Of course, *record scratch* the fairytale ending isn’t set in stone. Arthur T Demoulas bought the company and operations are returning to normal very quickly, but the devil is in the details of how Market Basket will be paid for. The purchase price was somewhere near $1.5 B. ONE AND A HALF BILLION DOLLARS. DANG. Artie T and family put up $500m, leaving $1b to be financed – most likely through mortgaging properties. This is going to hurt profits – Market Basket’s key to low prices and relatively good employee benefits was their ability to be almost terrifyingly profitable – they carried so little debt. This is no longer the case.
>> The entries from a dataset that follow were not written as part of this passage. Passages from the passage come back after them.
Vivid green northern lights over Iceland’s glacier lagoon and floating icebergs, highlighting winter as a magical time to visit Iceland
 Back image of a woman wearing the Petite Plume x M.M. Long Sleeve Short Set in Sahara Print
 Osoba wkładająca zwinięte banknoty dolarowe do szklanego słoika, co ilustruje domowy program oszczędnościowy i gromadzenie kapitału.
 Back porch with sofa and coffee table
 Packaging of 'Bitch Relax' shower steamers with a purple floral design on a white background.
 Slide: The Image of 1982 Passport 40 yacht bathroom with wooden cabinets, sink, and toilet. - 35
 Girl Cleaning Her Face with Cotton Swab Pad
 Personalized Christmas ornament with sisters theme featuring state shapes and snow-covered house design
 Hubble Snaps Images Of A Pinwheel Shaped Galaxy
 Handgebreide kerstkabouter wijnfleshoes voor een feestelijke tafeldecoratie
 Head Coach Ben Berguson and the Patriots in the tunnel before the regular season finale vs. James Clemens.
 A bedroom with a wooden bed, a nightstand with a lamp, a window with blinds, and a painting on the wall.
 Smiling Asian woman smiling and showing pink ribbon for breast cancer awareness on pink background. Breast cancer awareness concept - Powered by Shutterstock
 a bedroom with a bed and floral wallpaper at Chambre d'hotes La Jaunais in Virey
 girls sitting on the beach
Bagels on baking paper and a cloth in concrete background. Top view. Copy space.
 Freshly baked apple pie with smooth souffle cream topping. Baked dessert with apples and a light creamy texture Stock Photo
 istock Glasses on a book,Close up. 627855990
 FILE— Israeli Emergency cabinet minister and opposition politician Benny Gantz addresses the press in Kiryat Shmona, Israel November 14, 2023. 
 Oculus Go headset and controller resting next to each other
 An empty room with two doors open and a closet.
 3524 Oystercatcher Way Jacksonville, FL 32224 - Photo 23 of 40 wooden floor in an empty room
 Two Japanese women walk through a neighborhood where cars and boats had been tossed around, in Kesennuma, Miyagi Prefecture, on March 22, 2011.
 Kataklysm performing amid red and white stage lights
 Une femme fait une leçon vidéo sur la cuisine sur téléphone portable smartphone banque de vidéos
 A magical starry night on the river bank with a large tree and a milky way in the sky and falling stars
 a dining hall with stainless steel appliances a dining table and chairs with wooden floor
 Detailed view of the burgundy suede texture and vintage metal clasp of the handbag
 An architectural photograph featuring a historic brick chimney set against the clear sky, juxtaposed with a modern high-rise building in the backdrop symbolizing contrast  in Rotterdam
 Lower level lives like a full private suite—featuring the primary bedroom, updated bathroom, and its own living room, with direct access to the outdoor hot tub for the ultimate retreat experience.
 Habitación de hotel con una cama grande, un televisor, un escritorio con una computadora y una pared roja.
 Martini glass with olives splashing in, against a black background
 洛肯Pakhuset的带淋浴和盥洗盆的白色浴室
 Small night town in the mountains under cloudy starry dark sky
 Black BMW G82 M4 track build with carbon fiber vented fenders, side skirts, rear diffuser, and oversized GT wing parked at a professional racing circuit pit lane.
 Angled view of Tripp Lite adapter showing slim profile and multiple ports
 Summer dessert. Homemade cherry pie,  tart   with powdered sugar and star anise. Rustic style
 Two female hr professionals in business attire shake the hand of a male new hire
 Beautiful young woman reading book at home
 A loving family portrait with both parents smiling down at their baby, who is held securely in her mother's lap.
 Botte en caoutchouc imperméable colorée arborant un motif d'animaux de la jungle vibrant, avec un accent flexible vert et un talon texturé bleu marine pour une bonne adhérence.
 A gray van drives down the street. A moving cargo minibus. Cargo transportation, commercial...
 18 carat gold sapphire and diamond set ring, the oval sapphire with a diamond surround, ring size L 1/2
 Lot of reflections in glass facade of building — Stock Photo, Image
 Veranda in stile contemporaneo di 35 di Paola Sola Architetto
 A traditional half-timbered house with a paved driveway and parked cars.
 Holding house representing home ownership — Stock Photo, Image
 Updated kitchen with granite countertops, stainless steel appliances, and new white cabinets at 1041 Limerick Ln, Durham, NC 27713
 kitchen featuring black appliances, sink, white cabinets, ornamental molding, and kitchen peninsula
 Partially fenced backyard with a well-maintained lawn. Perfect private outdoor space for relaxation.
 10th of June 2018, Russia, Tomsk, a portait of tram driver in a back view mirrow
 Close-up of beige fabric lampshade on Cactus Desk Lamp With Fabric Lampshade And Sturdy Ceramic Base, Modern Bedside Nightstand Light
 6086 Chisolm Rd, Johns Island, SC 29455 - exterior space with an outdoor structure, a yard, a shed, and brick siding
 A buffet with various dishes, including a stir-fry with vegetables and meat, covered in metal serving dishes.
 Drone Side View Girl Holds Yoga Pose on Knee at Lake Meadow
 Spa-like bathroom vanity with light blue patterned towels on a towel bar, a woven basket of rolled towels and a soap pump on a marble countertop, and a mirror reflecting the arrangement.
While some of their capital will be saved by not distributing willy-nilly to shareholders on Arthur S’s side like in the past, that’s still not a gigantic chunk of the difference.
In all honesty, though, it may not be perfect, but this ending was the best-case scenario by far. The other options were:
– The stores closing altogether. This would first of all “suck balls” as the kids say, but secondly have a terribly negative impact on our economy – thousands of laid-off workers, plus the ever-expanding lower and middle class that relies on cheap, fresh food to maximize their budget. I don’t want to imagine a world without the Basket, do you?
-Employees giving up and the Arthur S side and its “management” team maximizing profits at the expense of employees and customers alike. The further erosion of worker pay and benefits ticks along and we as a society get used to it. Pete Seeger rolls over in his grave.
It’ll be interesting to see how the whole thing turns out – but the Clam has high hopes for Market Basket in the future. For now, I need a gallon of sour cream and seven pounds of steak to make up for lost time.